What motivated Carl to develop his dream?

Carl received a vision of creating a video game specifically for Native American people when they were thinking about what they wanted to do with their life following graduation from high school.

“I played video games a lot throughout my life and I wanted to help bring those experiences to people,” they told us.

After enrolling in the game design program at Dakota State University, they were working one summer at the Crazy Horse Memorial when they first told someone of their idea to build a video game that would incorporate Lakota culture history and language into a single experience “like that of someone living the culture when it was fully alive and well prior to the assimilation of our people into the euro-American culture.”

The Dream as a Solution

Carl’s dream of a Lakota video game would start out small with a single-player game such as of allowing players to go through the process of constructing a Lakota tipi in the traditional way with all dialogue and voice acting in the game in the Lakota language with English subtitles.

“With my games, I want to reach as many people as possible, but primarily the tribal members of the Lakota-speaking nations across the Great Plains,” They said, adding, “My idea goes one step futher than producing a single game, as I hope to find or train like-minded indigenous game developers to create a sustainable studio that could eventually be a great asset on my reservation.

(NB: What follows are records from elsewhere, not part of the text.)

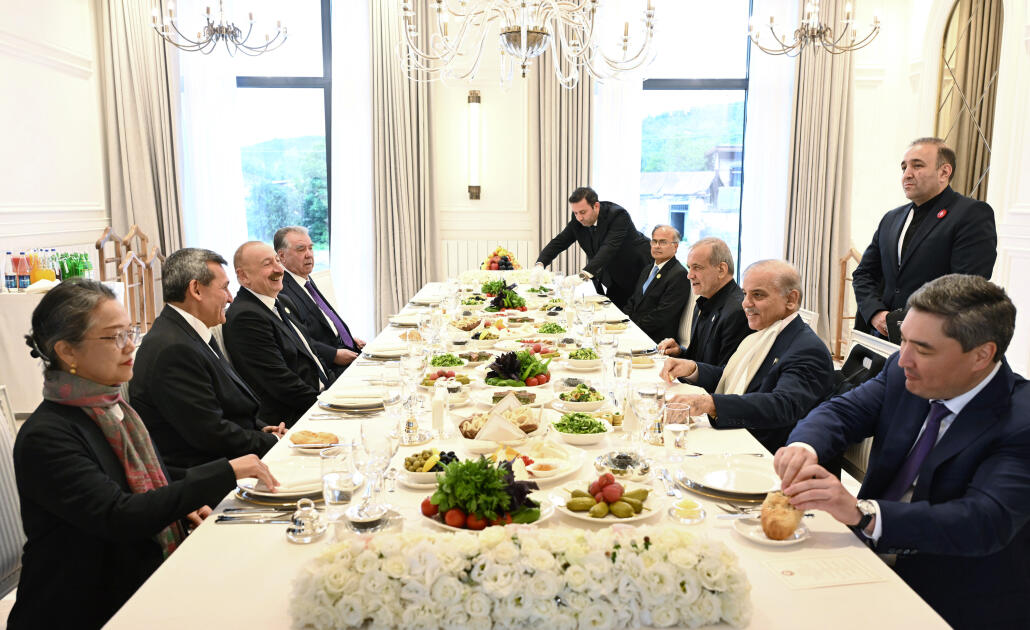 İlham Əliyevin adından İqtisadi Əməkdaşlıq Təşkilatının 17ci Zirvə görüşünün iştirakçılarının şərəfinə rəsmi nahar verilib 
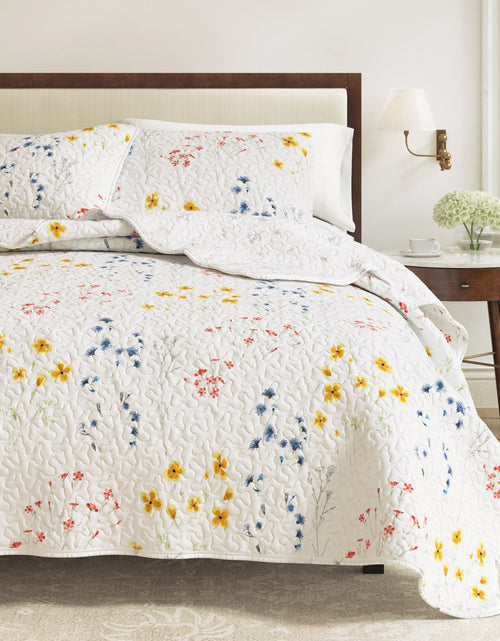 Load image into Gallery viewer, Wildflower Floral Quilt Set - Marianne Collection
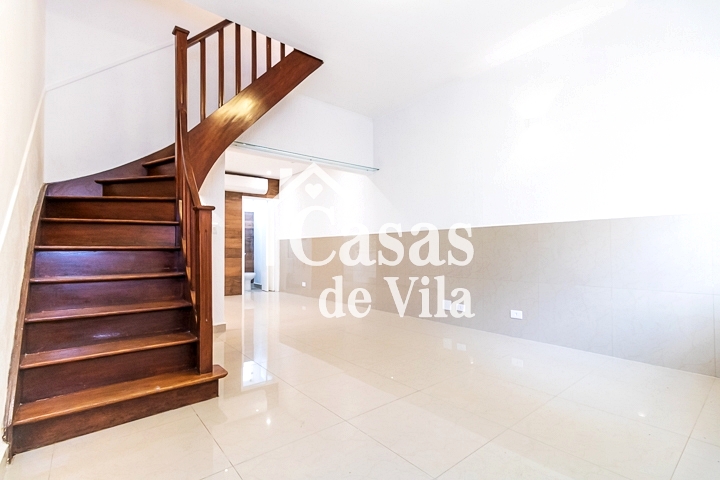 Casa de vila reformada para venda! - Excelente localização! Em Moema!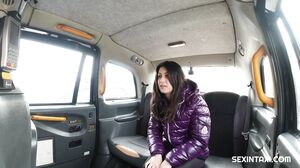 SexInTaxi E24 Francesca Palma CZECH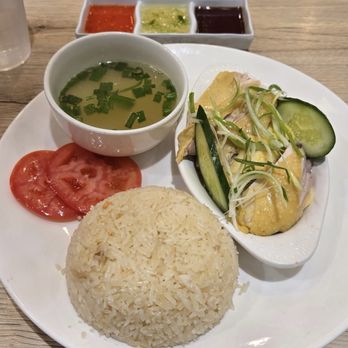 Pho Nic - Hainan chicken rice platter - ginger scallion sauce is the bomb - Noodles Near Me - Fountain Valley, California Pho Nic - Hainan chicken rice platter - ginger scallion sauce is the bomb - Noodles Near Me - Fountain Valley, California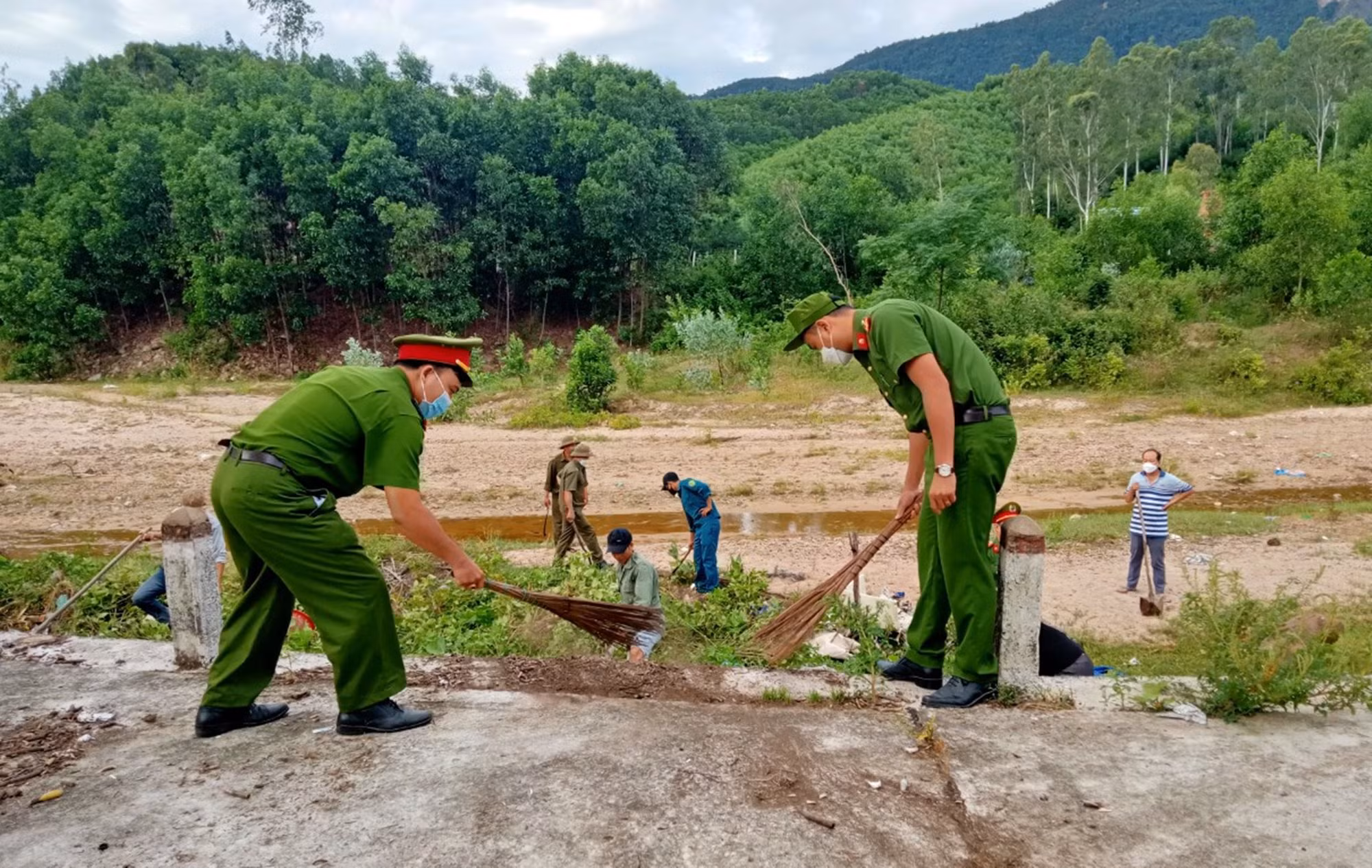 Công an xã tham gia gom dọn hơn 1 tấn rác sinh hoạt -0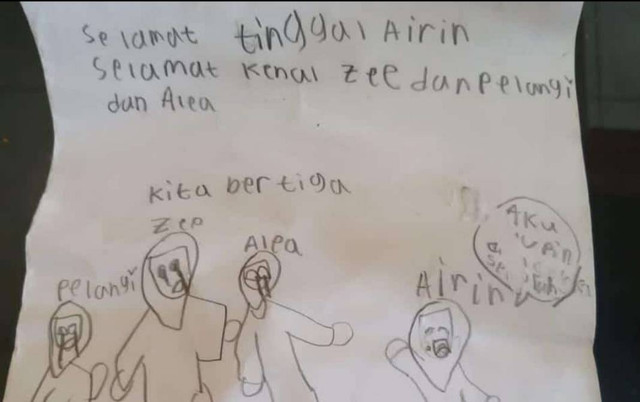 Polisi menemukan secarik kertas bertuliskan sebuah pesan dan gambar saat olah TKP dalam kasus ayah bunuh anaknya di Desa Plampang, Menganti, Gresik. Foto: Dok. Istimewa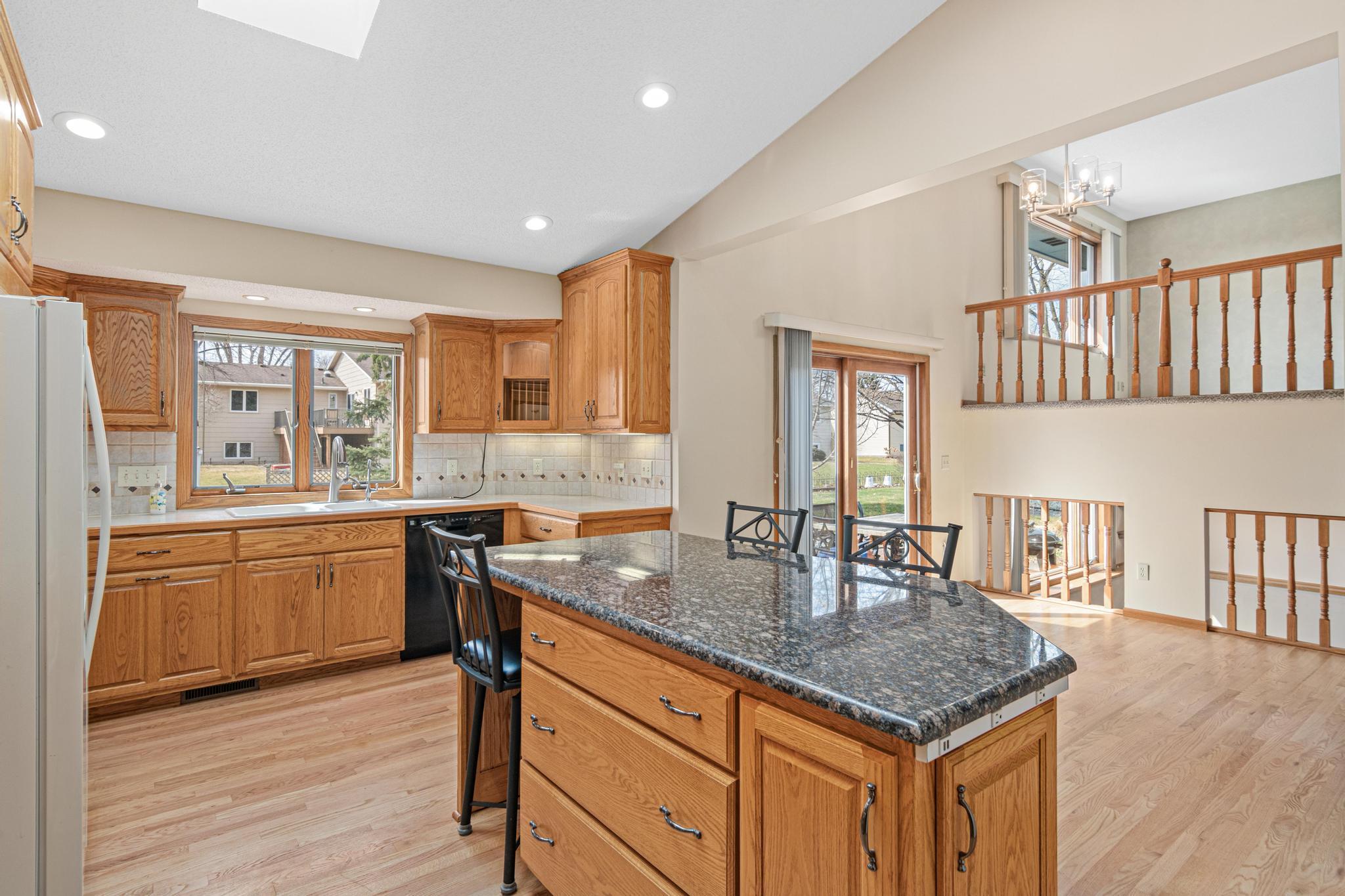 12465 90th Pl N, Maple Grove-7.jpg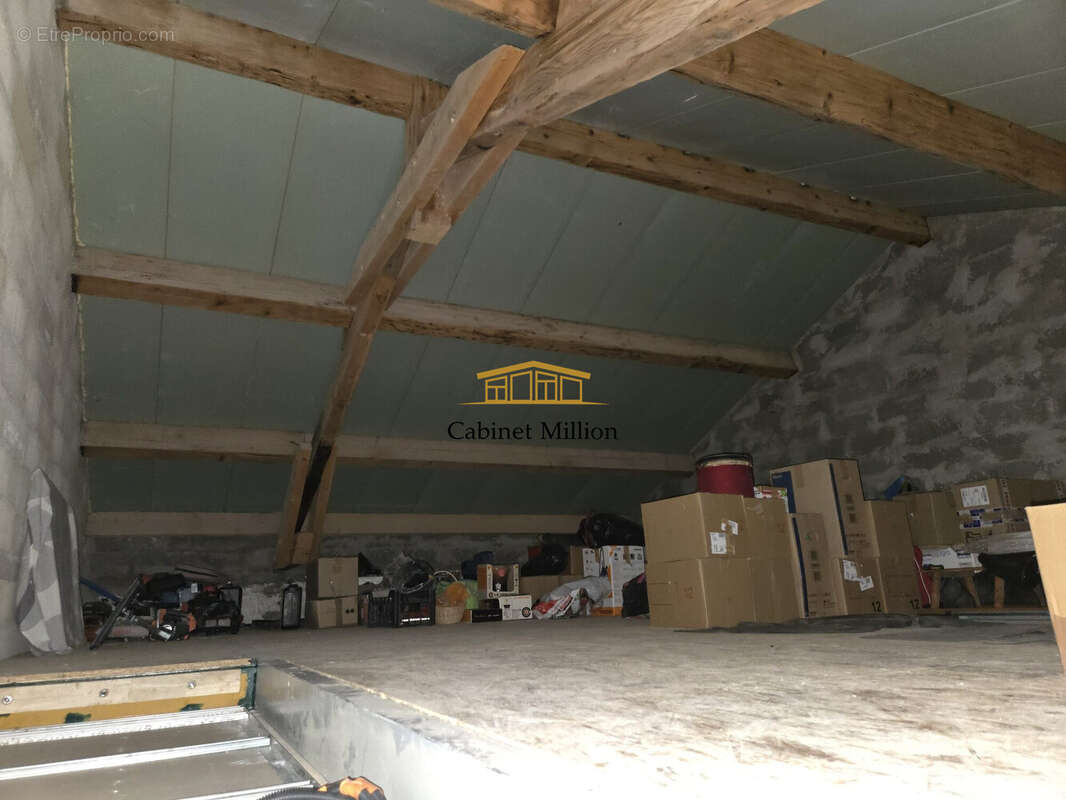 Maison à VIC-LA-GARDIOLE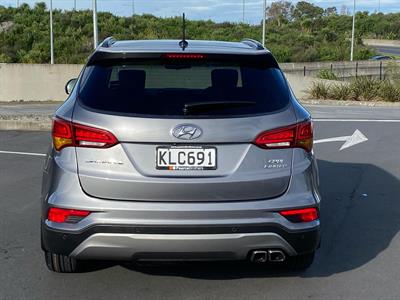 2017 Hyundai SANTA FE - Thumbnail
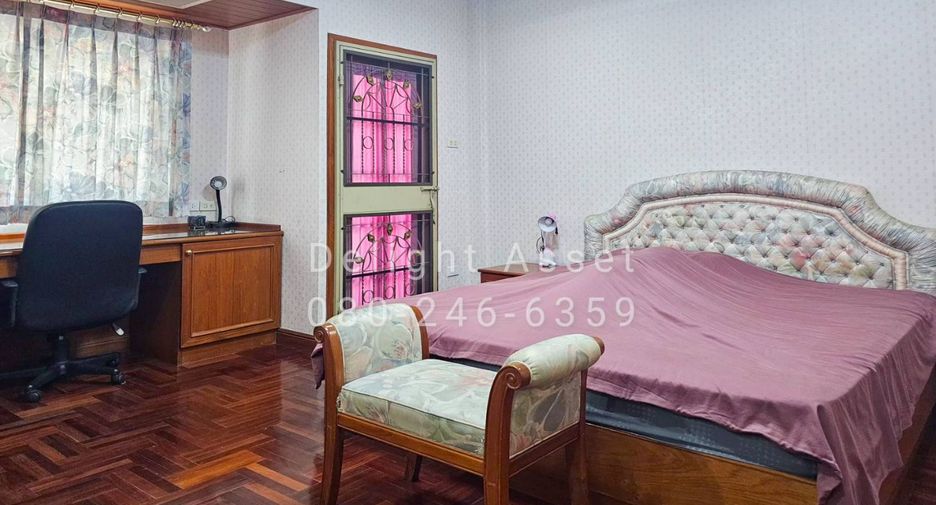 Reihenhaus zum Kauf mit 6 Zimmer in Wang Thonglang, Bangkok
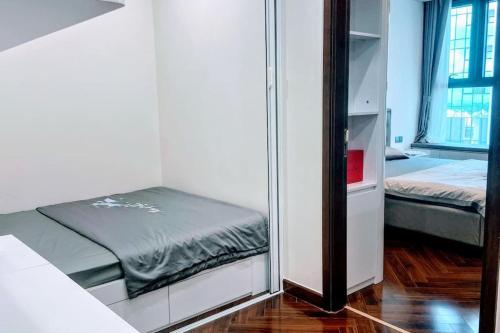 a small room with a bed and a mirror at Séjour de luxe à Hải Phòng in Hai Phong
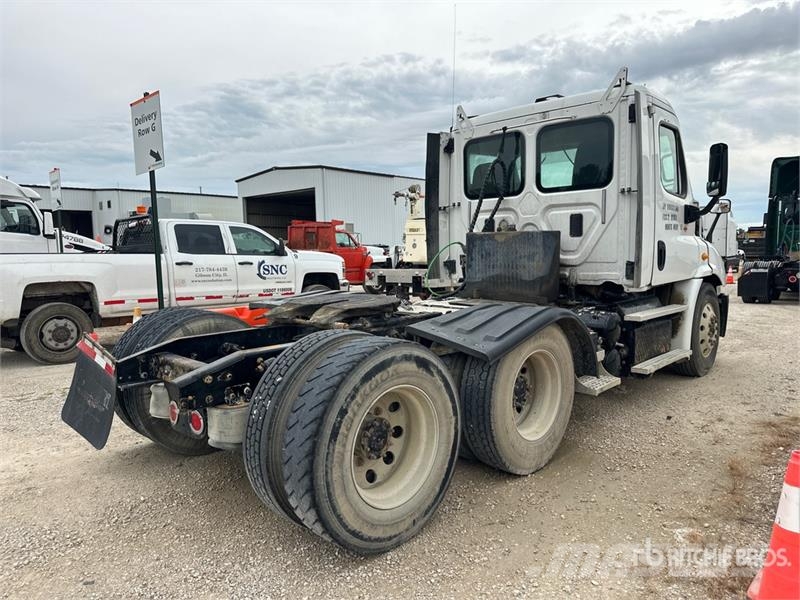 Freightliner Cascadia 113 Sattelzugmaschinen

“My idea exemplifies entrepreneurship in that it is filling a niche to bring a much-needed product to both end-users and different organizations, be they tribal schools themselves or other businesses looking to make a change in tribal communities, especially those of the Lakota in South Dakota and surrounding states and provinces.”

The Potential Impact in the Future

“Preferably, the game would be a massively multiplayer online game able to bring together Native peoples from across the world to experience their cultures together to learn their languages in a conversational way and to form a new identity of what it means to be a tribal citizen in the 21st century.”